The NCCA logo is the Alab ng Haraya, (The Flame of Imagination), which symbolizes the wellspring of Filipino art and culture. It is composed of two basic elements – the fire and the censer.
The fire is a stylized letter K of Philippine indigenous script that stands for kadakilaan or greatness. The fire represents the highest level of imagination and emanates from a three-tiered censer.
The three tiers stand for organization, economic support, and an orientation rooted on a thorough grasp of tradition and history, which the NCCA provides. Done in gold to symbolize the immense wealth of Philippine culture, it was designed by the late Romeo “Boy” Togonon.
In 1987, then President Corazon C. Aquino penned Executive Order No. 118 creating the Presidential Commission on Culture and Arts. Five years later, in 1992, this presidential directive was enacted into law– Republic Act 7356, creating the National Commission for Culture and the Arts (NCCA). The original bill was jointly authored by Senators Edgardo Angara, Heherson Alvarez, Leticia Ramos Shahani, and Congressman Carlos Padilla.

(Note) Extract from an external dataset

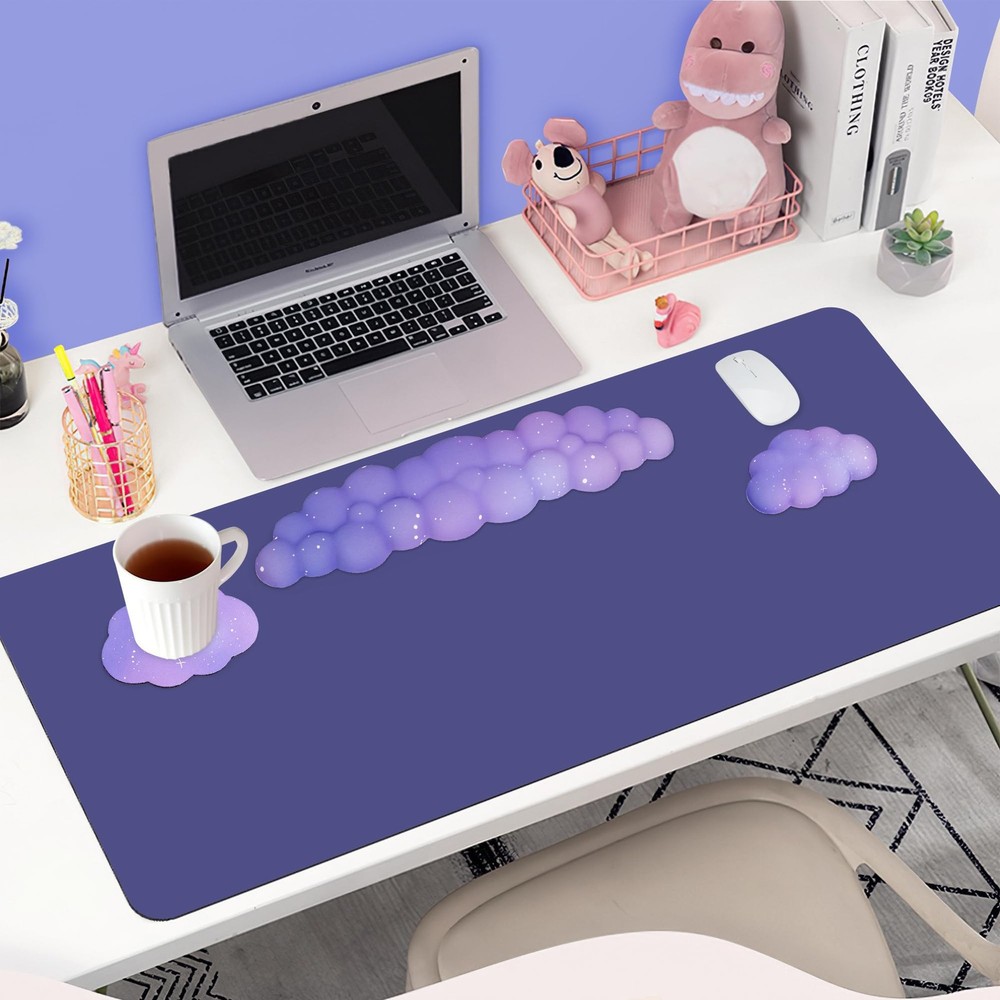 Cloud Wrist Rest Set for Keyboard and Mouse, Includes Cute Coaster, with Comp...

The National Commission for Culture and the Arts (NCCA), Philippines is the overall policy making body, coordinating, and grants giving agency for the preservation, development and promotion of Philippine arts and culture; an executing agency for the policies it formulates; and task to administering the National Endowment Fund for Culture and the Arts (NEFCA) — fund exclusively for the implementation of culture and arts programs and projects.
The government’s support for cultural development is particularly highlighted by the passage of R.A. 7356 that created the NCCA. The coordination among the cultural agencies was strengthened by the virtue of Executive Order No. 80, which placed the Cultural Center of the Philippines, the National Historical Institute (now, the National Historical Commission of the Philippines), the National Museum, The National Library (now, The National Library of the Philippines), and the Records, Management, and Archives Office (now, the National Archives of the Philippines) under the NCCA umbrella. Further, through Republic Act No. 9155, administratively attached the earlier aforementioned five cultural agencies to the NCCA, including now the Komisyon sa Wikang Filipino / Commission on the Filipino Language. Thus, the NCCA is responsible for culture and the arts in the Philippines — and, if not in the name, the de facto Ministry of Culture.
The Commission together with the six cultural agencies works with the principle of partnership, collaboration and shared responsibility in achieving effectively and efficiently the implementation of cultural programs as well as maximizing of resources.
The NCCA was created to serve as the presidential inter-agency commission to coordinate cultural policies and programs.
Republic Act No. 7356 (April 3, 1992), An Act Creating the National Commission for Culture and the Arts (NCCA), Establishing a National Endowment Fund for Culture and the Arts (NEFCA), and for Other Purposes.